Prime minister urges rejection

ROME -- Italians began voting yesterday in a two-day referendum that could herald the biggest constitutional shake-up in half a century unless Prime Minister Romano Prodi persuades the country to reject it.

Prodi, whose office would be strengthened by the overhaul, said the package would crumble national unity, weaken the presidency, and cost the nation more than $315 billion to implement.

Former prime minister Silvio Berlusconi, whose center-right coalition championed the overhaul before being ousted from power in April elections, said it would regenerate Italy's antiquated system of government.

Italy's constitution was drawn up after World War II with the aim of preventing the return of a dictator such as Benito Mussolini.
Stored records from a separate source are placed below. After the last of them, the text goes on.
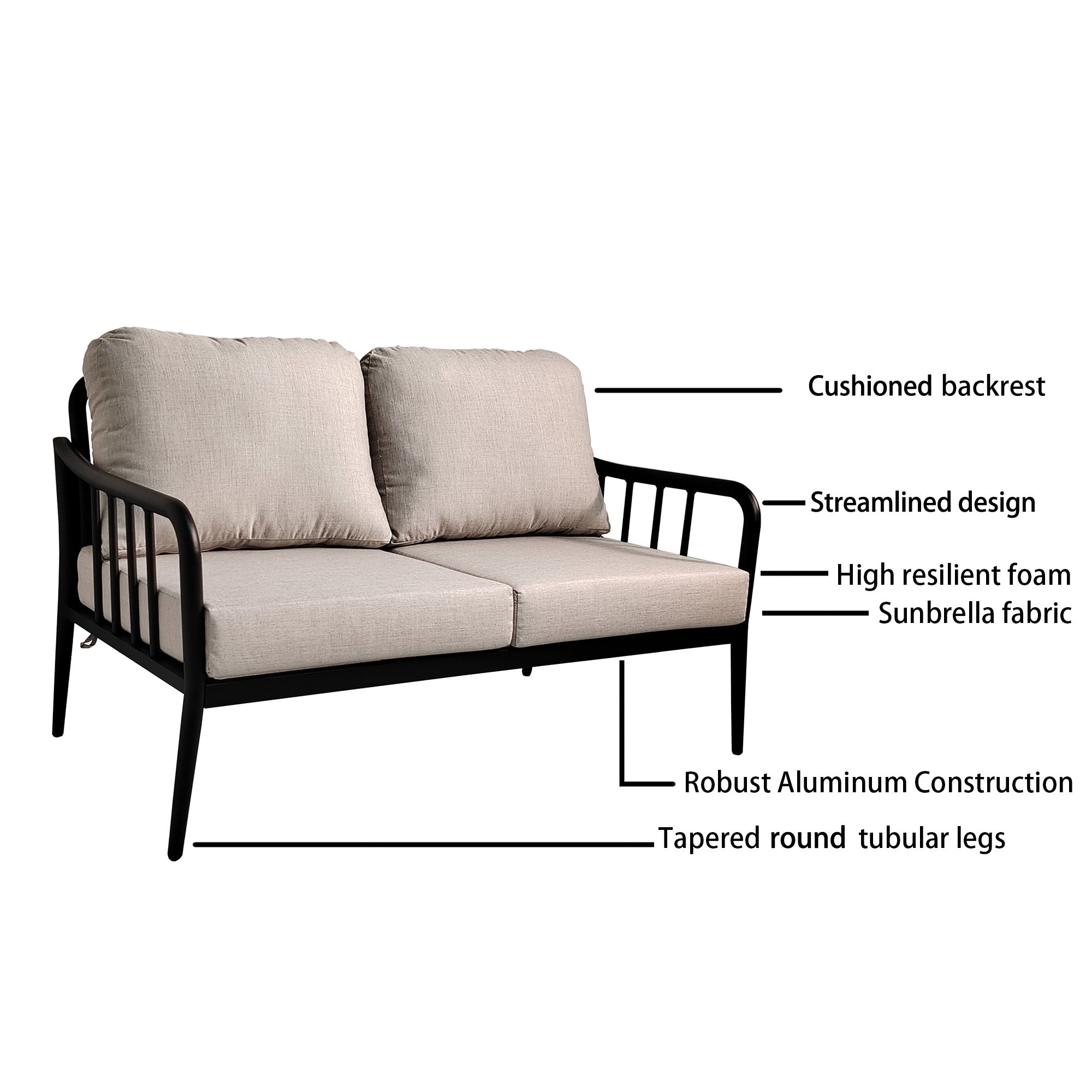 Set Patio Alluminio 5 Pezzi Nero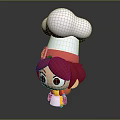 Cartoon Chef Character With White Chef Hat Red Purple Hair Big Eyes And Yellow Apron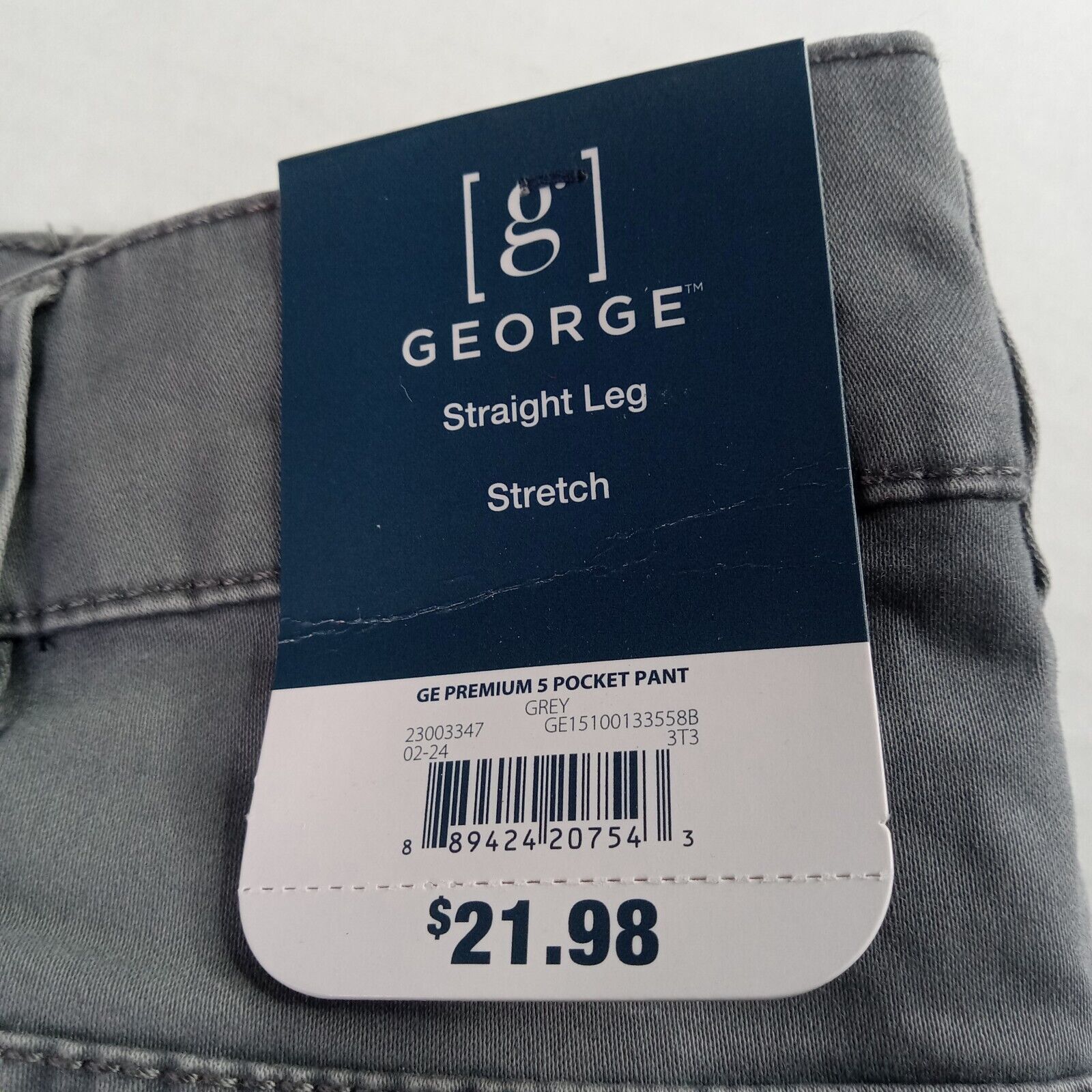 George George Chino Pants Mens Size 44x30 Gray Straight Leg Stretch Size US 44 / EU 60 - 8 Thumbnail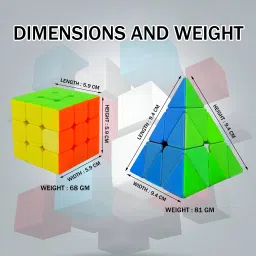 aapaga High Speed Stickerless Cube Combo Set Of 3x3 & Pyramid | Kids and Adults rubiks image 4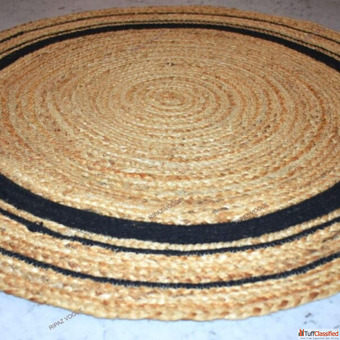Handcrafted Jute Stripe Delight Rug - Natural Elegance for Modern Homes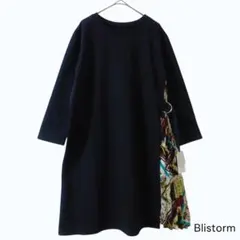 タグ付き Blistorm プリーツ切替 ワンピース ブラック アシンメトリーのサムネイル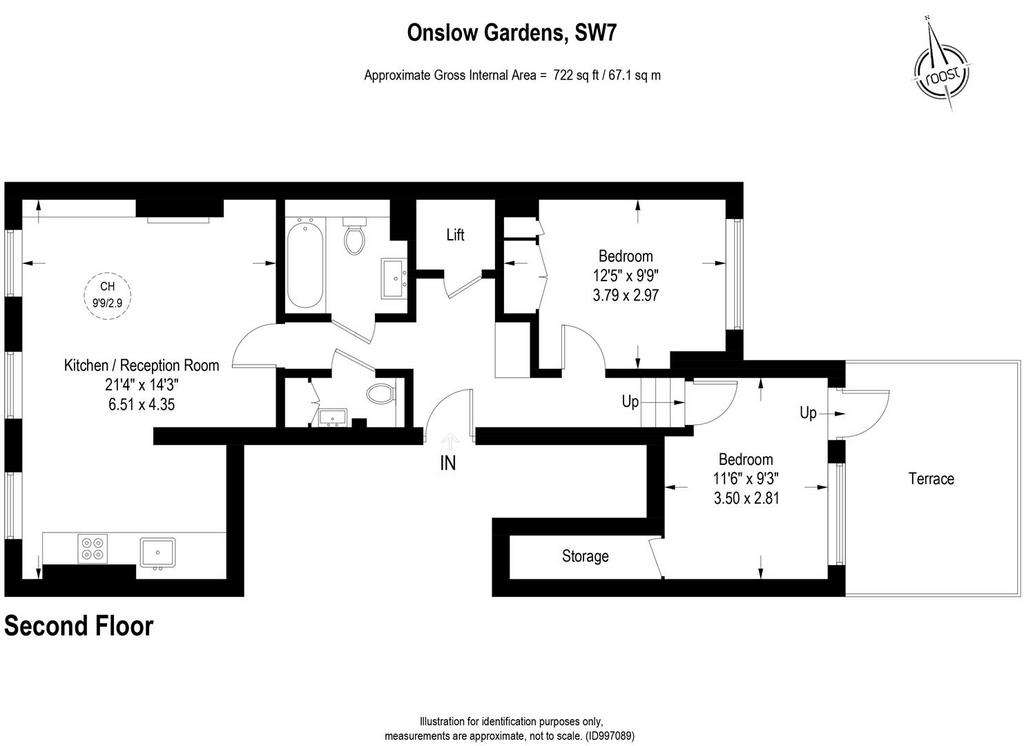 2 bedroom flat to rent - floorplan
But critics say it contains so many checks and balances that it has been hard to govern, with many postwar administrations surviving barely a year.

The referendum gives Berlusconi a sorely needed chance to reassert himself as leader of the center-right House of Freedoms coalition after he lost the national elections and then failed to win key seats in local polls last month.

``The House of Freedoms wants a respite from repeated defeat with a document that destroys the constitution," Prodi said in the run-up to the vote, urging Italians to vote no.

``It's an insult to our country and a distortion of the rules that govern Italy."

Both sides have predicted victory, but commentators say uncertainty over the turnout makes it impossible to predict.

The referendum would give Italy's 20 regions full autonomy over health, schooling, and policing, a move critics say would mean better services for richer northern regions, to the detriment of the poorer south.

This was a priority for the small, autonomy-minded Northern League party, a raucous member of Berlusconi's coalition that had repeatedly threatened to quit without the overhaul.

It would also give the prime minister more clout, enabling that post to hire and fire ministers and dissolve Parliament.

This should effectively halt the common Italian practice by which parties switch sides midterm and bring down a prime minister.

The referendum is needed because the measure passed by only a simple majority in Parliament in November, when Berlusconi was still prime minister, instead of the two-thirds' majority that would have made the changes automatic.